You are viewing a plain text version of this content. The canonical link for it is here.
Posted to solr-user@lucene.apache.org by Shaun Campbell <ca...@gmail.com> on 2020/07/01 16:19:48 UTC

Searching document content and mult-valued fields

Hi

Been using Solr on a project now for a couple of years and is working well.
It's just a simple index of about 20 - 25 fields and 7,000 project records.

Now there's a requirement to be able to search on the content of documents
(web pages, Word, pdf etc) related to those projects.  My initial thought
was to just create a new index to store the Tika'd content and just search
on that. However, the requirement is to somehow search through both the
project records and the content records at the same time and list the main
project with perhaps some info on the matching content data. I tried to
explain that you may find matching main project records but no content, and
vice versa.

My only solution to this search problem is to either concatenate all the
document content into one field on the main project record, and add that to
my dismax search, and use boosting etc or to use a multi-valued field to
store the content of each project document.  I'm a bit reluctant to do this
as the application is running well and I'm a bit nervous about a change to
the schema and the indexing process.  I just wondered what you thought
about adding a lot of content to an existing schema (single or multivalued
field) that doesn't normally store big amounts of data.

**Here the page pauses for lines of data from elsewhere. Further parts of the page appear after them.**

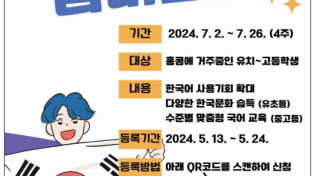 [홍콩한국국제학교] 2024년 썸머스쿨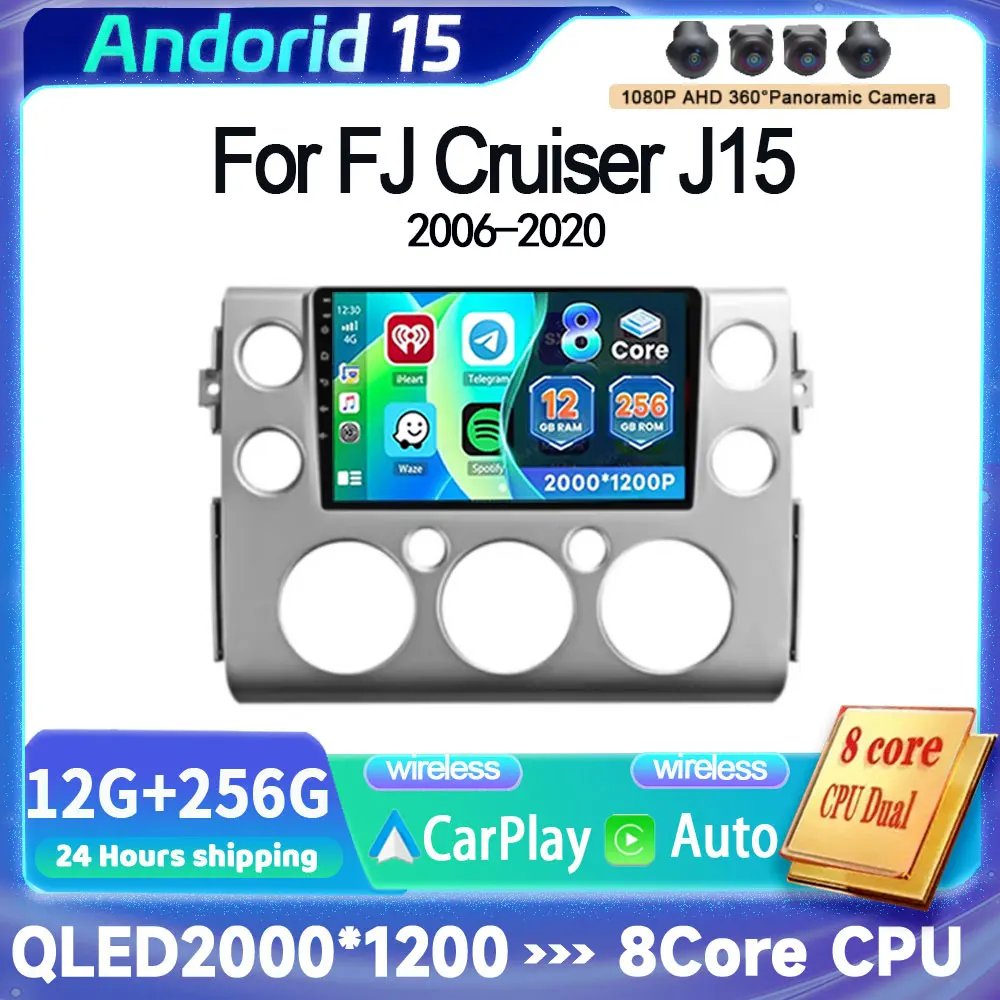 Android 15 Car Radi… - image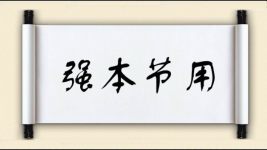 强本节用图片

Or does anyone know of any way, I can join two searches like this together
and two separate indexes?

Thanks
Shaun

Re: Searching document content and mult-valued fields

Posted by Emir Arnautović <em...@sematext.com>.
Hi Shaun,
If project content is relatively static, you could use nested documents <https://lucene.apache.org/solr/guide/8_0/indexing-nested-documents.html> or you could plain with join query parser <https://lucene.apache.org/solr/guide/7_3/other-parsers.html#join-query-parser>.

HTH,
Emir
--
Monitoring - Log Management - Alerting - Anomaly Detection
Solr & Elasticsearch Consulting Support Training - http://sematext.com/



> On 1 Jul 2020, at 18:19, Shaun Campbell <ca...@gmail.com> wrote:
> 
> Hi
> 
> Been using Solr on a project now for a couple of years and is working well.
> It's just a simple index of about 20 - 25 fields and 7,000 project records.
> 
> Now there's a requirement to be able to search on the content of documents
> (web pages, Word, pdf etc) related to those projects.  My initial thought
> was to just create a new index to store the Tika'd content and just search
> on that. However, the requirement is to somehow search through both the
> project records and the content records at the same time and list the main
> project with perhaps some info on the matching content data. I tried to
> explain that you may find matching main project records but no content, and
> vice versa.
> 
> My only solution to this search problem is to either concatenate all the
> document content into one field on the main project record, and add that to
> my dismax search, and use boosting etc or to use a multi-valued field to
> store the content of each project document.  I'm a bit reluctant to do this
> as the application is running well and I'm a bit nervous about a change to
> the schema and the indexing process.  I just wondered what you thought
> about adding a lot of content to an existing schema (single or multivalued
> field) that doesn't normally store big amounts of data.
> 
> Or does anyone know of any way, I can join two searches like this together
> and two separate indexes?
> 
> Thanks
> Shaun